| What the task asks |
Set down exactly the lines that run from the one containing "Ladies faux leather" to the end of the material below, both included, without pictures.

| Material for this exercise |
════════════════
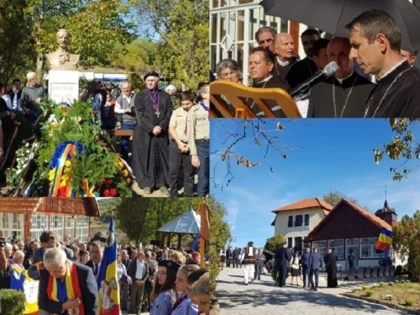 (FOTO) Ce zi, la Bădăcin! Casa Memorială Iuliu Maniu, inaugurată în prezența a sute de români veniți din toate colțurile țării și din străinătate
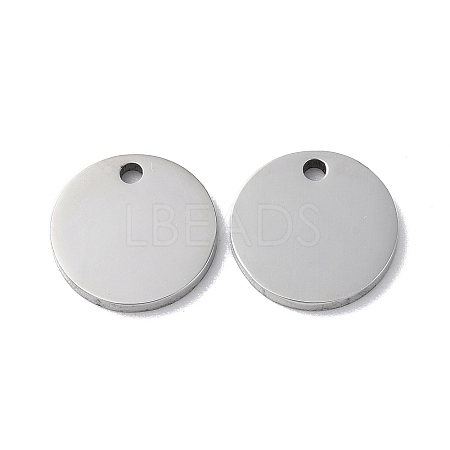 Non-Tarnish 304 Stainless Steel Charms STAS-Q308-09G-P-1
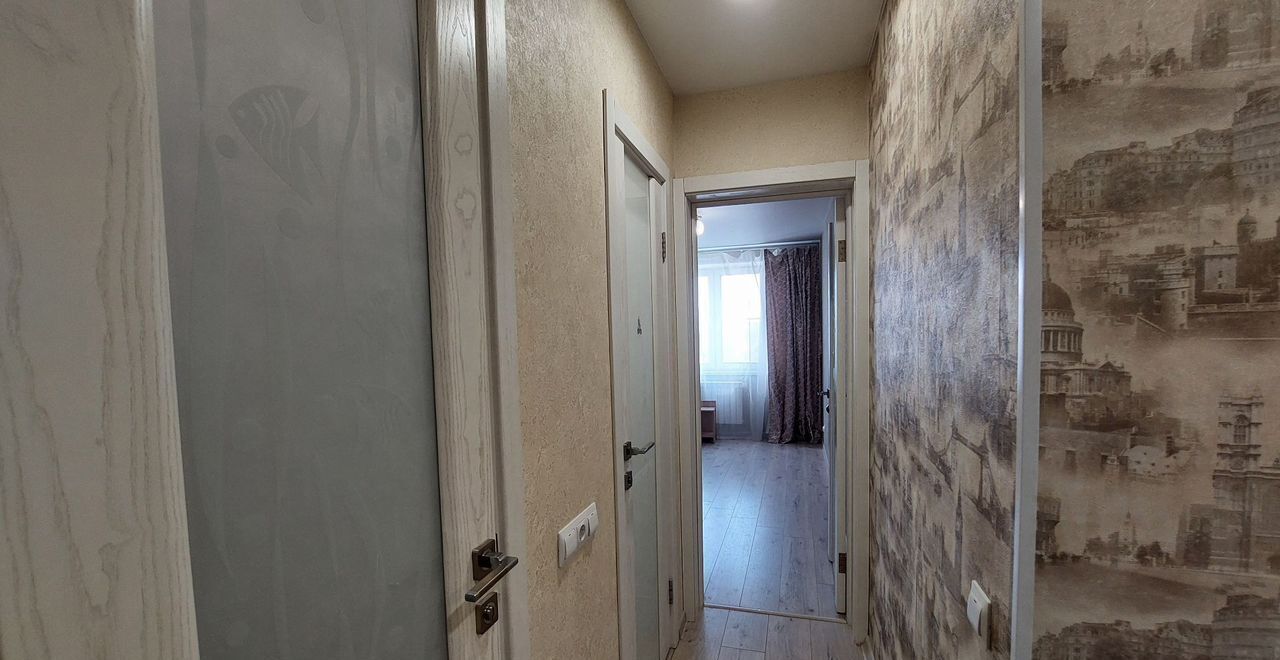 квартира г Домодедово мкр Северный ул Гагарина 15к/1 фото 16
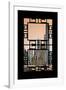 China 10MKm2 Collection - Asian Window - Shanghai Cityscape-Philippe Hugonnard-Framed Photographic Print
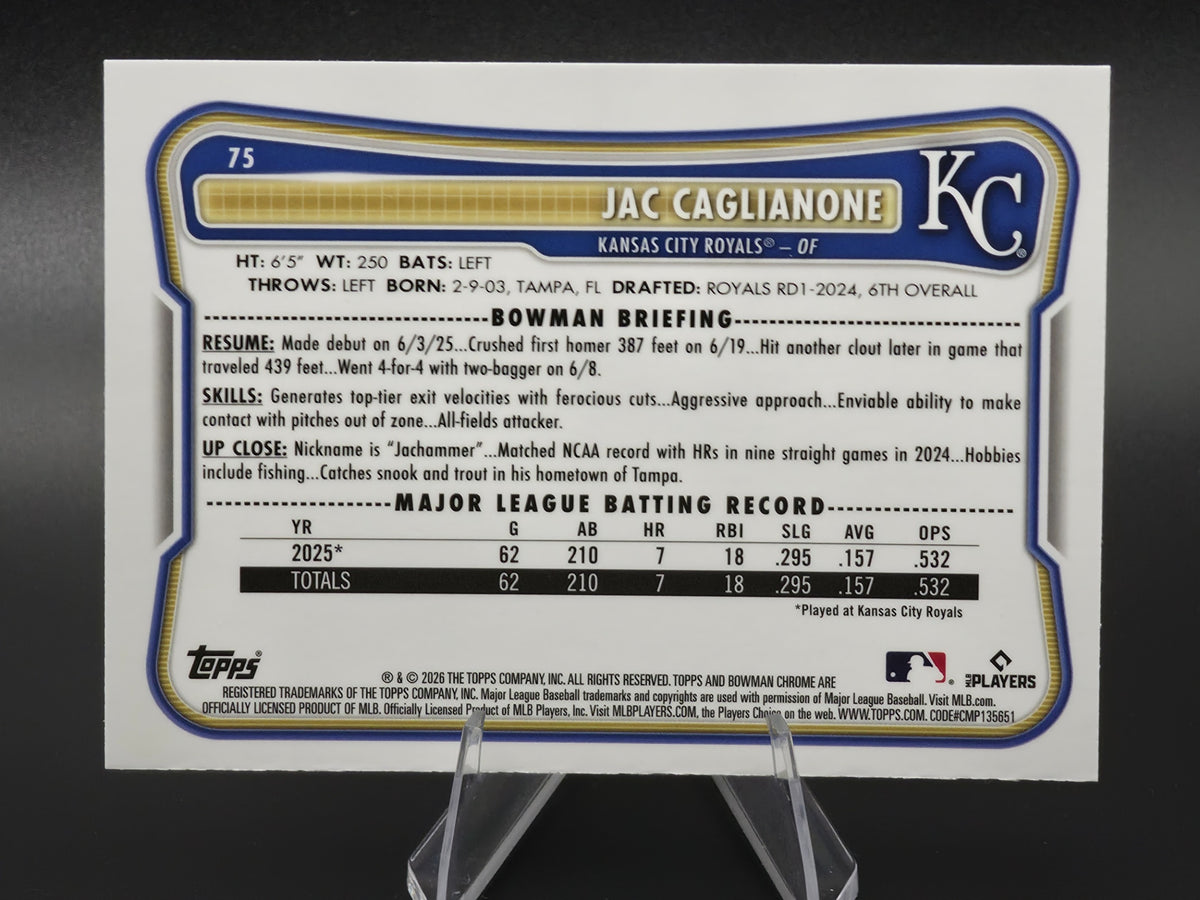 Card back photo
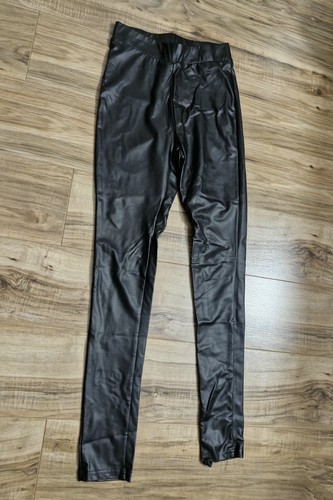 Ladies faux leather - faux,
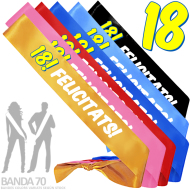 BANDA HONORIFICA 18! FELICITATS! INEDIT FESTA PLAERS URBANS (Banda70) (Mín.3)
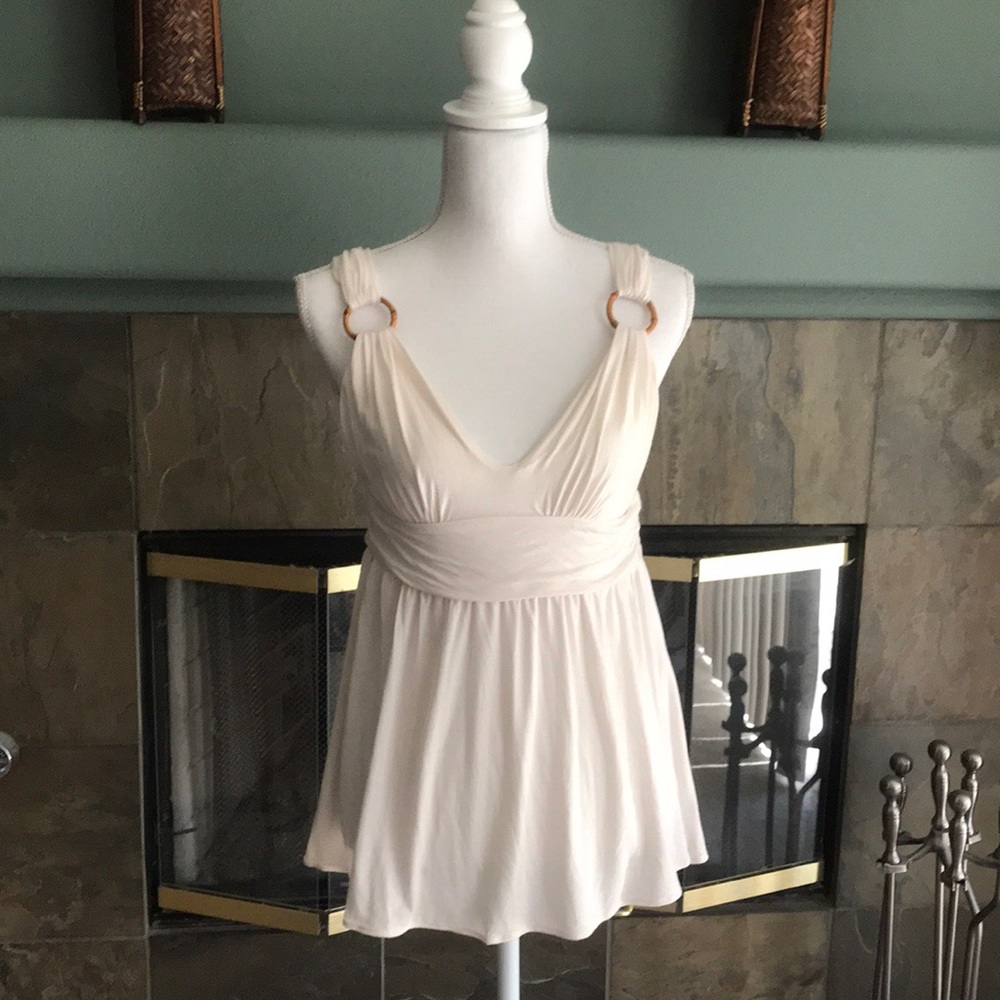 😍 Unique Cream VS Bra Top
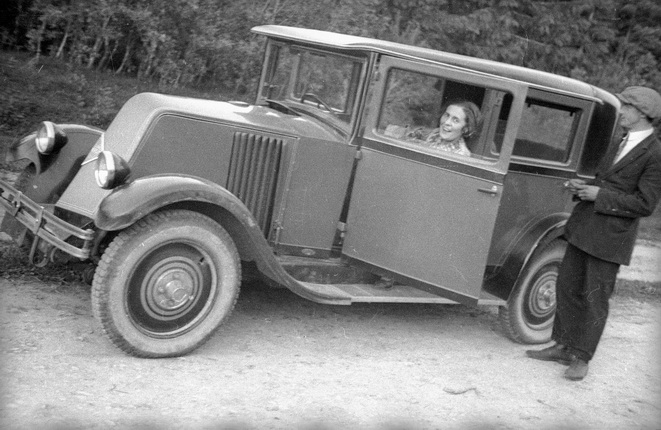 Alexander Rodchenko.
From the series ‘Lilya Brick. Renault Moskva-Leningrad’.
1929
════════════════
| Worked solution |
 Ladies faux leather - faux,
 BANDA HONORIFICA 18! FELICITATS! INEDIT FESTA PLAERS URBANS (Banda70) (Mín.3)
 😍 Unique Cream VS Bra Top
 Alexander Rodchenko.
From the series ‘Lilya Brick. Renault Moskva-Leningrad’.
1929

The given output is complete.